Problem description:
The expected output is every line of the data exactly as shown, minus the images.

Information provided:
[Start of section]

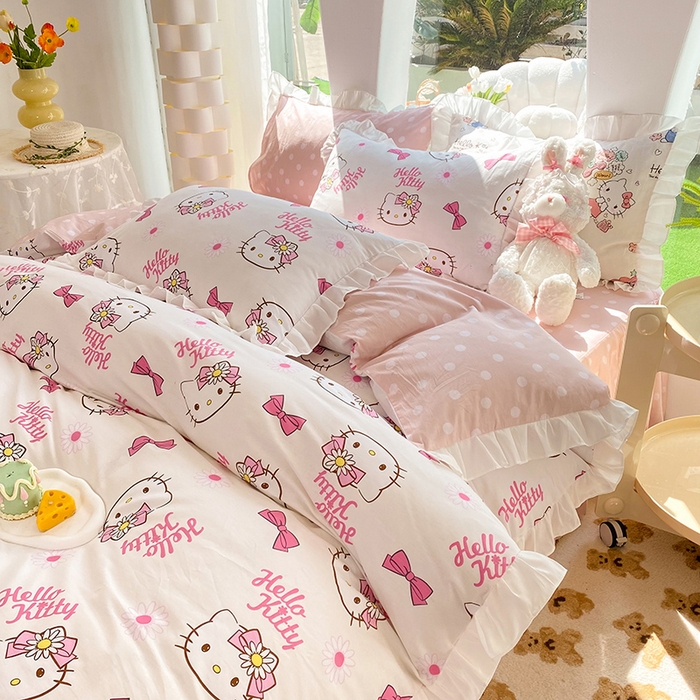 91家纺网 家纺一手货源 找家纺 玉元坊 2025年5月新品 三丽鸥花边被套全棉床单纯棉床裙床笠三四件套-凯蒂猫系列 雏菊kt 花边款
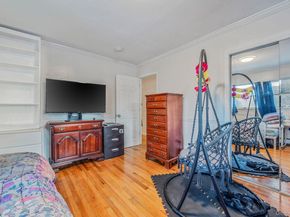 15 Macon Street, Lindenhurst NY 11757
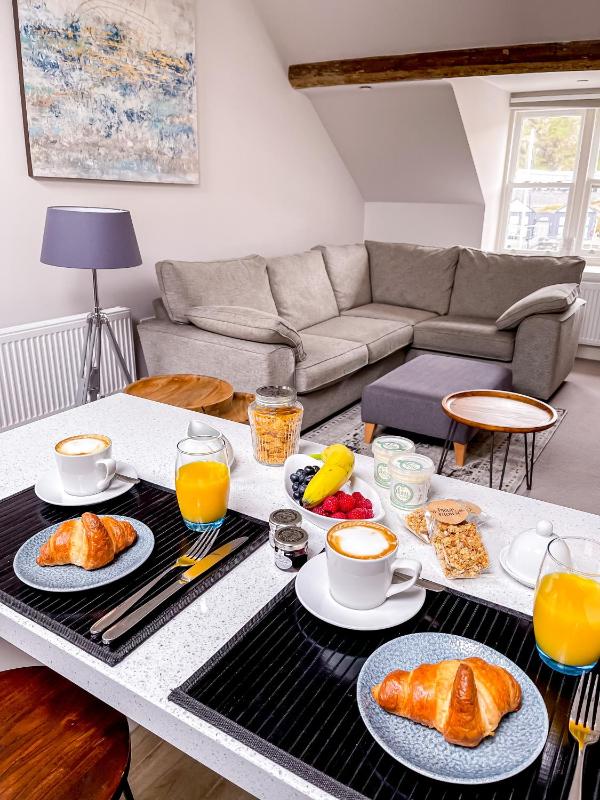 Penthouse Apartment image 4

[End of section]

Completed task:
 91家纺网 家纺一手货源 找家纺 玉元坊 2025年5月新品 三丽鸥花边被套全棉床单纯棉床裙床笠三四件套-凯蒂猫系列 雏菊kt 花边款
 15 Macon Street, Lindenhurst NY 11757
 Penthouse Apartment image 4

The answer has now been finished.